Ideahamster, I have thrown around the idea that it's a learned behavior as a way to hopefully get out of work. I have tried to ignore and push her through it with leg pressure and sometimes it works and sometimes it doesn't. When I go to cinch her up just to lace the strap through she extends her head to grab on to anything that is in front of her. I cinch really slow and ignore the behavior. It's actually really sad to see her do it and apparently she has been doing it along time because the previuos owners said they would just tie her head tight so she wouldn't bite them or the kids would just knee her to make her stop. She too is a work in progress and I have plenty of time. Thanks for your help. Oh and in the morning it's not a yawn it's definitley the jaw twisting thing.


----------



## IdeaHamster (Sep 30, 2010)

So her mouth must really open if they thought she was going to bite. Does she pin her ears or seem outwardly aggressive? Mine is more like he's in his own head when he does it. I'd really like to get a video but the timing is bad. Do you think you could get a video of it?


----------



## adl2kdl2 (Feb 11, 2010)

She hasn't tried to bite me but just picking up the cinch strap to lace it-head goes forward to grab pole, bar or whatever is there and ears are back and I haven't eevn done anything yet! I've though of getting a video but sadly I'm usually the only one at the barn. She's the only horse being worked with the others are pasture ornaments (not mine). I will try though of that and he mouth issue. But you know it's like it's habit.


----------



## IdeaHamster (Sep 30, 2010)

Even though you haven't done anything yet, if she has felt pain in the past say from cinching, as you're about to do, she'll pin her ears anticipating the pain. This could be from the previous owner too. With this new information I'm leaning towards a pain or discomfort issue (they knee'd her but to what level...). It may not be continuing but the memory is there. Try to find out if there's current pain going on that needs to be addressed and if not she may quit just by learning to trust that you're not going to hurt her.


----------



## adl2kdl2 (Feb 11, 2010)

My thoughts exactly! Which is why I have started ignoring it and cinching very slowly. I just bring the strap up don't tighten at all and do something else come back tighten a bit and do something else and so on. I had her on U Gard for two months to see if there might be an ulcer issue and no change-can'y afford a scope right now- the chiro has hsd me just this morning to try bute twice a day for 5 days to see if these two issues go away. If so we will know there is a pain issue going on-if not-well I don't know-learned behavior I guess. No change today except that she ate the bute fine in morning feed and got smart about it tonight and ate around it.


----------



## adl2kdl2 (Feb 11, 2010)

hey I just found a thread from 2010 called Strange behavior that sounds just like my willow and seems like the main thought is that it's a habit like us biting our nails!


----------



## IdeaHamster (Sep 30, 2010)

Glad to know you're concerned and will keep on track to rule out everything you can and even help her re-learn if that's the case. Otherwise, yeah, it may just be a habit.


----------



## Ladytrails (Jul 28, 2010)

I'm betting ulcers. They grind their teeth or display unusual movement of the mouth, and also cinching hurts. If she had them before, and the previous owners just tied her short and kneed her in the belly for fidgeting, she probably also has some learned behavior issues on top of the pain. 

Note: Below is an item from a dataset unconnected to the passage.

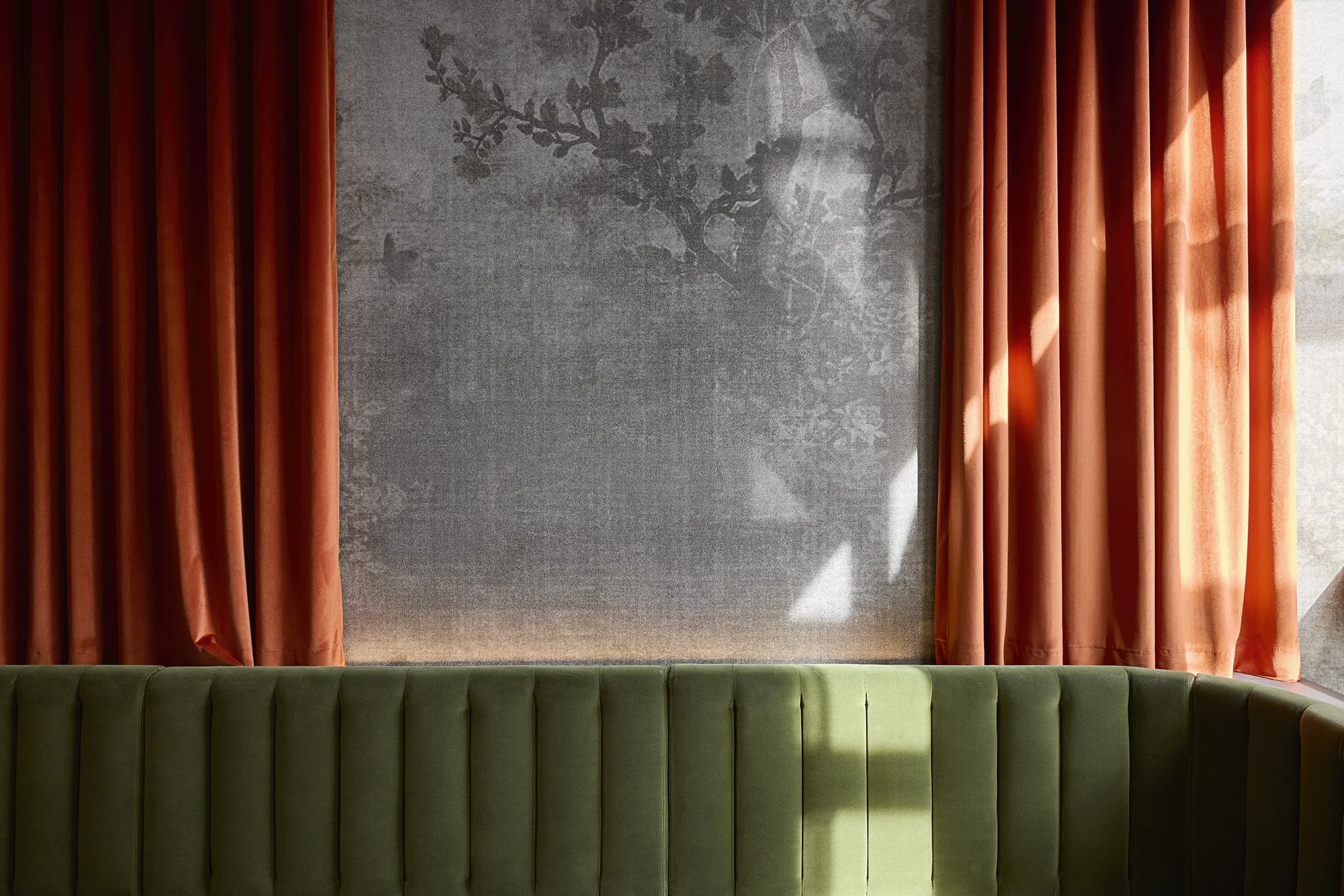 Green upholstered bench in front of a wall with gray textured wallpaper featuring a subtle tree branch pattern, framed by orange curtains on both sides.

If she were my horse, I would put her out to pasture, free access to forage, and back off any grain; I'd let her just relax, chill and be a horse for a couple of months, hanging out with a buddy that she gets along with. If the UGard didn't work it could be because she is stressing out with the new environment and still in training; it's kept ulcers from maybe getting worse but it's not enough to cure them if the stress and pressure is still present. 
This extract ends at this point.